It is preferred you post one question per thread.
Consider $\displaystyle -2\pi $ gives the same postition as $\displaystyle 0$ so
$\displaystyle \frac{-25\pi}{4} =\frac{(-8-8-8-1)\pi}{4}=\frac{-8\pi}{4}+\frac{-8\pi}{4}+\frac{-8\pi}{4}+\frac{-1\pi}{4}$ $\displaystyle =-2\pi-2\pi-2\pi-\frac{\pi}{4} = -\frac{\pi}{4}$
Yes, but you're still using equals signs where they shouldn't be used...
Anyway, Question 2 is correct.
In Question 3, you have $\displaystyle \sin{\theta}$ correct.
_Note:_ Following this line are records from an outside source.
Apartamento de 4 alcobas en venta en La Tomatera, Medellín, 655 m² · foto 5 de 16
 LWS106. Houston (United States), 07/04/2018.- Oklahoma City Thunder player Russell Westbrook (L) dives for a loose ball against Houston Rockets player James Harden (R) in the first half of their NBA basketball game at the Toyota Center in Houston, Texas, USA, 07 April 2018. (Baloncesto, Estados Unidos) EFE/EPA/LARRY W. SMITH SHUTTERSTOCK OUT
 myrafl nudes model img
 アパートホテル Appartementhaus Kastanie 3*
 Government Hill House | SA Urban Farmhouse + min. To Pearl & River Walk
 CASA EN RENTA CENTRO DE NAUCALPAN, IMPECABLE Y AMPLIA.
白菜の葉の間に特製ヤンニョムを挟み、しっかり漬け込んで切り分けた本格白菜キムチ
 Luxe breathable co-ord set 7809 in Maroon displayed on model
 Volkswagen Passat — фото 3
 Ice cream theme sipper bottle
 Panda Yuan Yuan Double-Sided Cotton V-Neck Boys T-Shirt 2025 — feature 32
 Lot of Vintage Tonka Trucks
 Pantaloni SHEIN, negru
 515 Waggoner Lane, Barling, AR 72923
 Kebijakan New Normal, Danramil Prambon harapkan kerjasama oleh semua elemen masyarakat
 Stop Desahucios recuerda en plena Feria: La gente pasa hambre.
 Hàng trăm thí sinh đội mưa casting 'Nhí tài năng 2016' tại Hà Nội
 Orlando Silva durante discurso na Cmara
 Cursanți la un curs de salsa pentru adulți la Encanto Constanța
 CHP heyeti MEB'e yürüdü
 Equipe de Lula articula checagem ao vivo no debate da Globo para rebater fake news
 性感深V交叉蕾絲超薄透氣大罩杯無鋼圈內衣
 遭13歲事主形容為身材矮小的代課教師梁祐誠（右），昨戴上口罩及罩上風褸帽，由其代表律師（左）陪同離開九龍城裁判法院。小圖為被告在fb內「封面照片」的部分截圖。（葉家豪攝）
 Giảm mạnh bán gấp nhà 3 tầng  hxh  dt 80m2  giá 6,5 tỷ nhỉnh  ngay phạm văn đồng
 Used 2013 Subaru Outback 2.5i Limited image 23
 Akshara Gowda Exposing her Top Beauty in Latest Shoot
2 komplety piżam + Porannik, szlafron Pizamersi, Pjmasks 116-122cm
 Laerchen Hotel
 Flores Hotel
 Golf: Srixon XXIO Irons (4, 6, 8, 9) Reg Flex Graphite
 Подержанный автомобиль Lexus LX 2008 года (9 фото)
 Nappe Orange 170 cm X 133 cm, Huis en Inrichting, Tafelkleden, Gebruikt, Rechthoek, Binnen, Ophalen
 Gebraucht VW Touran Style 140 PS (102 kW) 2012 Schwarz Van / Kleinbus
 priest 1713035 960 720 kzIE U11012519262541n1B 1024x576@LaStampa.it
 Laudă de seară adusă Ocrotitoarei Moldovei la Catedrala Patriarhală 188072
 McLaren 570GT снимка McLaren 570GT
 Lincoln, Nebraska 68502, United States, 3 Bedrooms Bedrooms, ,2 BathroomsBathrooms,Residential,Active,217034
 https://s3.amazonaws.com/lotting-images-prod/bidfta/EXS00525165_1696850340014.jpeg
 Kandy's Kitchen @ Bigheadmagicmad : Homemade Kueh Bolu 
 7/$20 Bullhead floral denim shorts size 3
For the rest you could have used the identities:
$\displaystyle \sin^2{\theta} + \cos^2{\theta} = 1$
$\displaystyle \frac{\sin{\theta}}{\cos{\theta}} = \tan{\theta}$
$\displaystyle \tan^2{\theta} + 1 = \sec^2{\theta}$
$\displaystyle \cot{\theta} = \frac{1}{\tan{\theta}}$.
If you were going to use the triangle, you have used Pythagoras' Theorem incorrectly.
It should be $\displaystyle A^2 = H^2 - O^2$. You added them.
Your Question 4 and 5 are correct.
Q. 6. (a) is correct but I would have done
$\displaystyle \csc{\frac{\pi}{3}} = \frac{1}{\sin{\frac{\pi}{3}}} = \frac{1}{\sin{60^{\circ}}}$.
(b) is correct.
Q. 7. Remember that $\displaystyle \sec^2{\frac{\pi}{6}} = \frac{1}{\cos^2{\frac{\pi}{6}}} = \frac{1}{\left(\frac{\sqrt{3}}{2}\right)^2} = \frac{1}{\frac{3}{4}} = \frac{4}{3}$.
So $\displaystyle \sec^2{\frac{\pi}{3}} - 4 = \frac{4}{3} - 4 = \frac{4}{3} - \frac{12}{3} = -\frac{8}{3}$.